Your assignment =
Exactly as they appear below, repeat the lines from the one with "Skoda Kushaq Style 1.0l Tsi At, 2023, Petrol" through the one with "Se vende edificio". Drop every picture.

Records supplied =
__________________________________________________

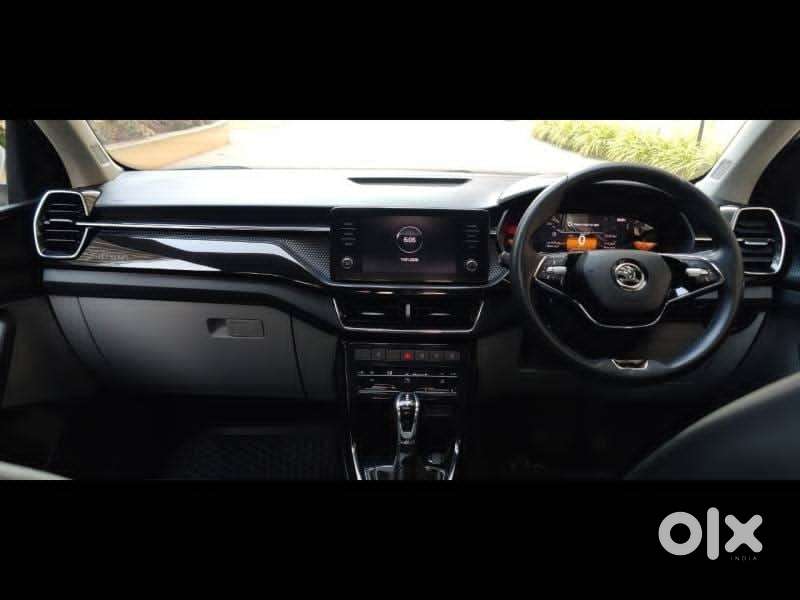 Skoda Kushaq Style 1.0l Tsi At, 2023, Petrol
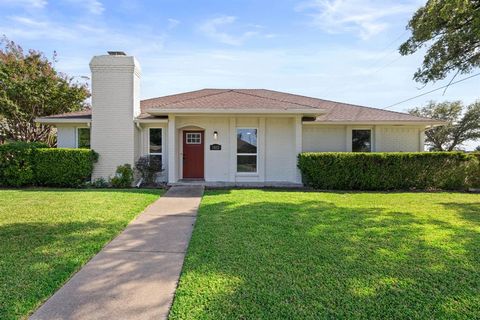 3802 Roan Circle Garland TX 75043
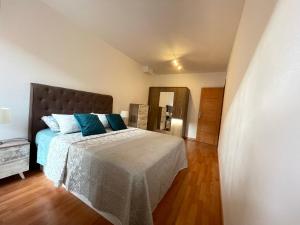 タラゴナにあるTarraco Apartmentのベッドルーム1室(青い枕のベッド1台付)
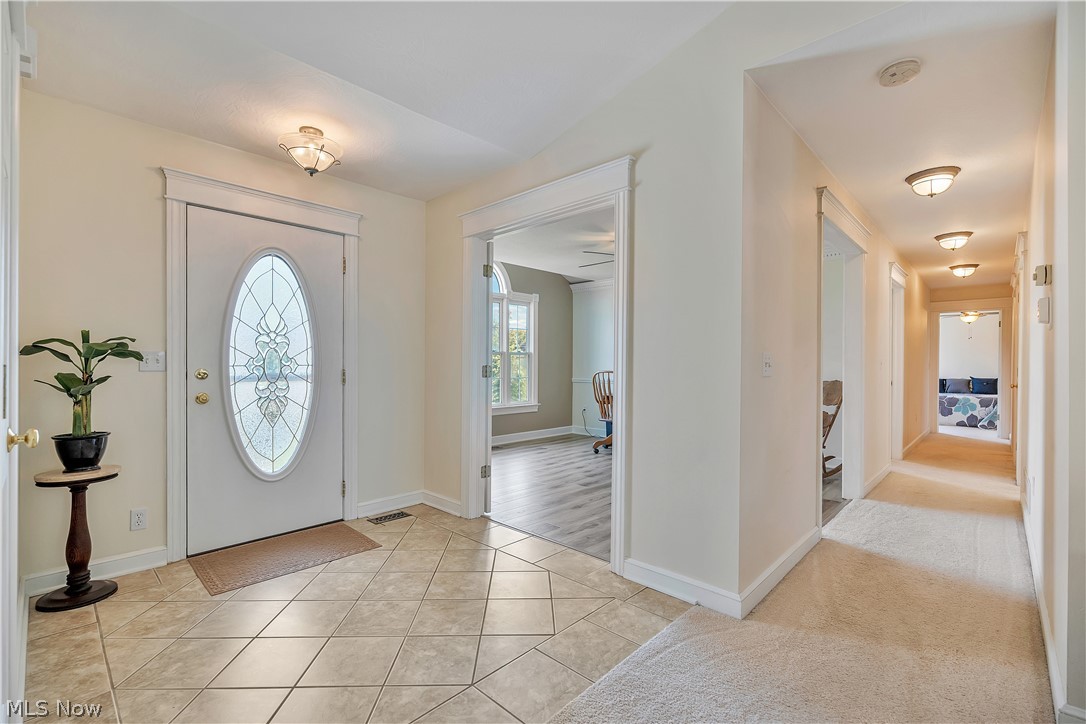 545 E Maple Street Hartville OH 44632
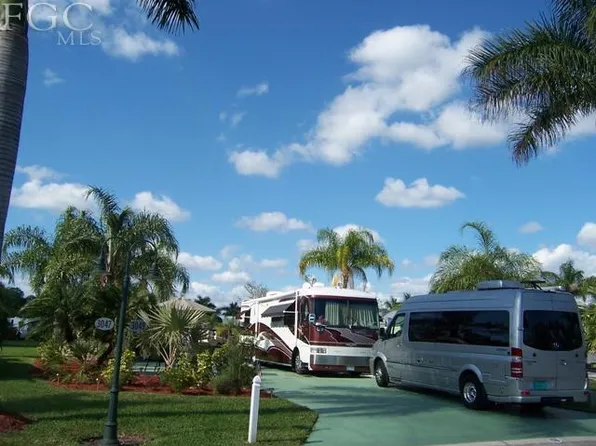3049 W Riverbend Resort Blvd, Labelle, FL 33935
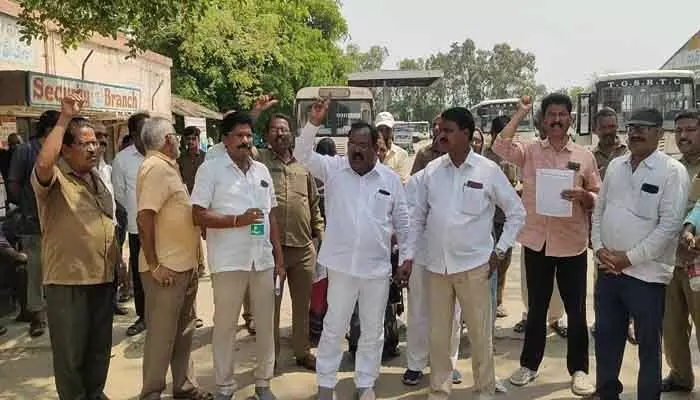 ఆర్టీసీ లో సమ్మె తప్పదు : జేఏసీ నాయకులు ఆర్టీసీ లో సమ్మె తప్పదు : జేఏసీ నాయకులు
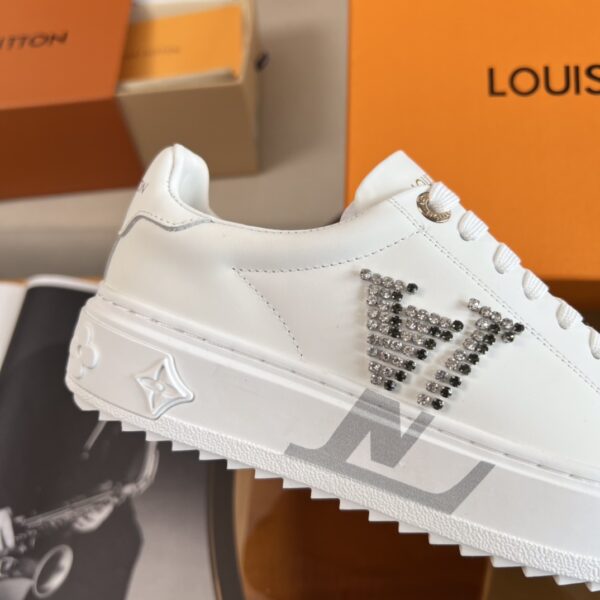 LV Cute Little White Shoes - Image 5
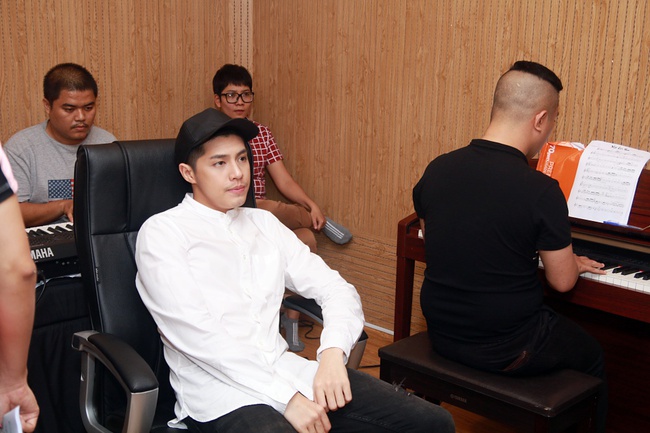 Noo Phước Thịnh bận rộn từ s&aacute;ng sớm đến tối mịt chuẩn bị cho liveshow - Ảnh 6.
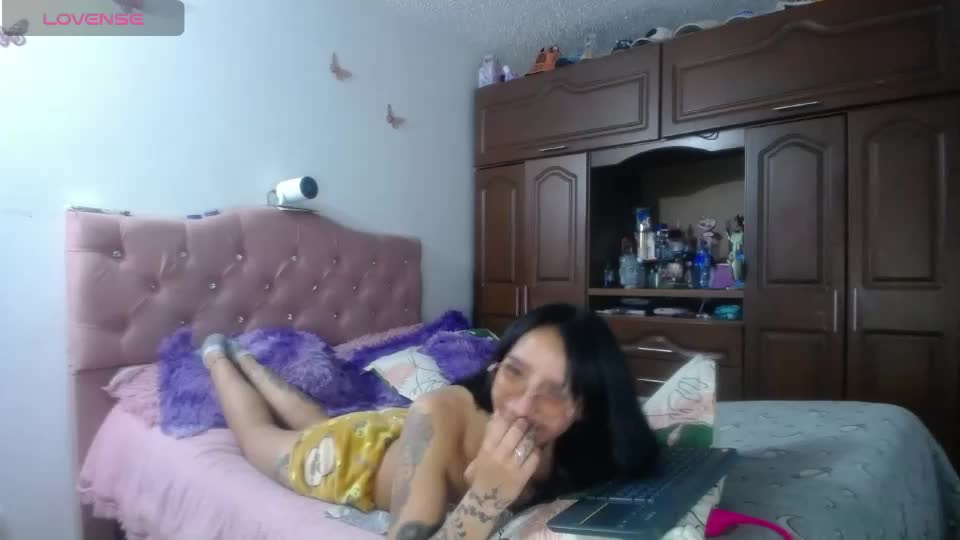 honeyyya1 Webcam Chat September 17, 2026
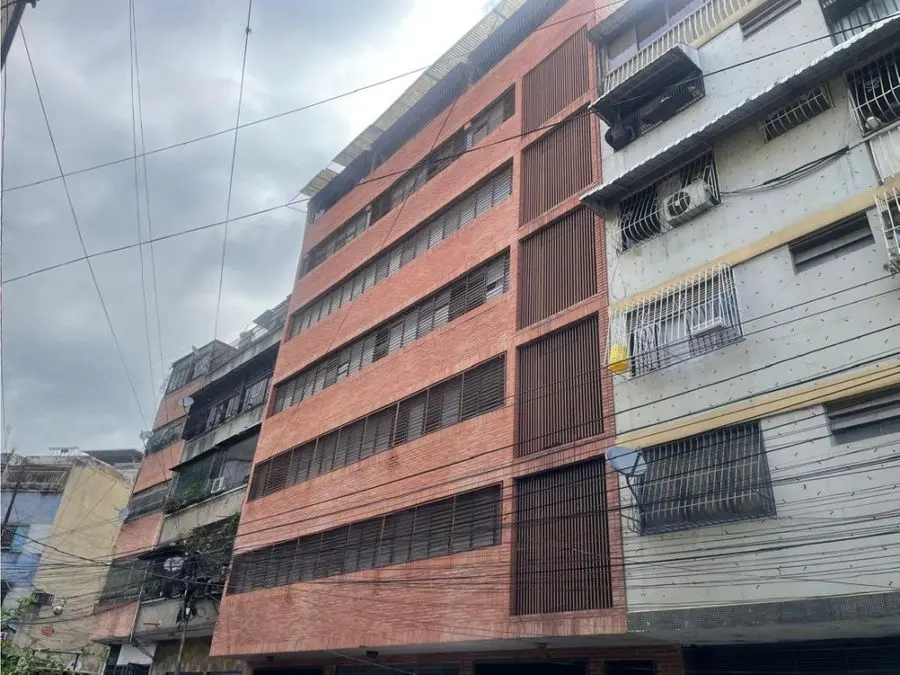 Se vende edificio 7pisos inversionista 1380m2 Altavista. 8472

__________________________________________________

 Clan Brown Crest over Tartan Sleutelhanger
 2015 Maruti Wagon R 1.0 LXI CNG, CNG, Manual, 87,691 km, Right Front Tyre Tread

__________________________________________________

Final answer =
 Skoda Kushaq Style 1.0l Tsi At, 2023, Petrol
 3802 Roan Circle Garland TX 75043
 タラゴナにあるTarraco Apartmentのベッドルーム1室(青い枕のベッド1台付)
 545 E Maple Street Hartville OH 44632
3049 W Riverbend Resort Blvd, Labelle, FL 33935
 ఆర్టీసీ లో సమ్మె తప్పదు : జేఏసీ నాయకులు ఆర్టీసీ లో సమ్మె తప్పదు : జేఏసీ నాయకులు
 LV Cute Little White Shoes - Image 5
 Noo Phước Thịnh bận rộn từ s&aacute;ng sớm đến tối mịt chuẩn bị cho liveshow - Ảnh 6.
 honeyyya1 Webcam Chat September 17, 2026
 Se vende edificio 7pisos inversionista 1380m2 Altavista. 8472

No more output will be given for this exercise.